During the opening day of the U.N. General Debate, His Majesty King Abdullah II of Jordan, who had been asked by certain Heads of State about the tragic situation in neighbouring Syria, made several substantive points, drawing on his own country's closeness to both the widening conflict and the growing humanitarian tragedy. He pointed out the specific suggestions relating to the U.N. role. A former army general, a Royal of the Hashemite Dynasty, he was speaking in flawless English with the habitual gracious modest confidence about what may develop in that inflammable region, the impact on other countries, the evolving of big power politics, and -- of course -- where the U.N. could effectively help. As other dignitaries were listening attentively to valuable informed experienced advice, a number of them gasped as Ban Ki-moon suddenly sought to inform His Majesty that the following day there will be a "high-level" meeting on Climate Change!

A brief, sincere advice.

Several Heads of State who attended the General Debate in September left with the impression that amongst senior Secretariat officials there was more readiness to talk than a willingness to listen.

Understandably, Secretary General Ban Ki-moon had varied priority issues on his agenda and a pressing list of talking points to pursue with influential visiting dignitaries. Yet, at times, he seemed to some of them that he was swiftly shifting from one issue to another, as if on a programmed teleprompter rather than taking convincing time to absorb a point at hand.

We are fully behind the Secretary General, the symbol of our U.N. The higher his regard, the happier we are. For example, we all felt gratified when the President of the Host Country, Barack Obama, made an exceptional reference in the official luncheon toast to the valuable role of the U.N. and the appreciated role of its Secretary General. Whatever the reason or need for that welcome reference, it offered Mr. Ban a needed boost -- and his beaming face reflected the sentiment. Many of us felt cheered up too. Yet in his own interest, similar attention could have been paid to substantive points mentioned about pressing priority issues. Merely ticking numbers of meetings off or churning out "readouts" may not be enough to impress experienced Heads of State, particularly on keen problems of direct relevance to their own country's role within a range of crucial U.N. operations.

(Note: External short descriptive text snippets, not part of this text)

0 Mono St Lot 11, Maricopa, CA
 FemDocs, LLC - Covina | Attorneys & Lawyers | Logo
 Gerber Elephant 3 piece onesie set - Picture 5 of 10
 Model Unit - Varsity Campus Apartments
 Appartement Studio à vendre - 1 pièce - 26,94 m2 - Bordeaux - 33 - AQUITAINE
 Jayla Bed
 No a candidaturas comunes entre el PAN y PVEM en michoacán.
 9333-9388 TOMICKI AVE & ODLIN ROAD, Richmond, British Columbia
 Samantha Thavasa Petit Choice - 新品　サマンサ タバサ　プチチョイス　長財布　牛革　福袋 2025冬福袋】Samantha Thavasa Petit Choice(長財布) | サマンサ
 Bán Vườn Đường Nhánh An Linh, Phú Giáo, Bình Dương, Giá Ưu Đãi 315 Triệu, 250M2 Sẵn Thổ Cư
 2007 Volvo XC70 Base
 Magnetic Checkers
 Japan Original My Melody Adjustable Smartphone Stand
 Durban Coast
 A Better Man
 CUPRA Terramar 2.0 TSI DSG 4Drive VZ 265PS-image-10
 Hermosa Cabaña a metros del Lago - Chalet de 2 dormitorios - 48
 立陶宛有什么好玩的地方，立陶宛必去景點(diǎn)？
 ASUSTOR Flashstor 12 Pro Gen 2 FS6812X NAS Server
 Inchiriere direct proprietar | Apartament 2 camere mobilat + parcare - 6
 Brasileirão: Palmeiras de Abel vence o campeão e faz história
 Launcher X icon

Obviously, the Secretary General may need better briefings on the temperaments and priorities of those he meets or the occasion he attends. Ban Ki-moon seems to portray an impressive keen image when he speaks from his heart. Reading from notes, especially when rushed, is not his forte. At least he makes a polite genuine effort to be attentive, although it doesn't always work. But what about Deputy Secretary General Jan Eliasson? He never found any gathering he did not wish to address. Since he was voted out by the people of Sweden and sprung on the U.N. with a little help from his "friends," Eliasson clearly does not listen. He carries a list of politically-correct phrases and sprinkles them wherever and whenever sighting a camera or a listening ear. He has one groupie who was similarly voted out by her colleagues but keeps hanging on. Now he claims an urgent role on Syria; a while ago he postured about Sri Lanka but swiftly shifted gears when hitting sensitive ground. Even when the Secretary General is attending special meetings, he also joins in, with or without sunglasses -- depending on the number of cameras.

Although it would help a lot if at certain occasions the Secretary General took time to dwell on a specific issue elaborately with a specially interesting and interested guest, could he at least instruct his Deputy to LISTEN?!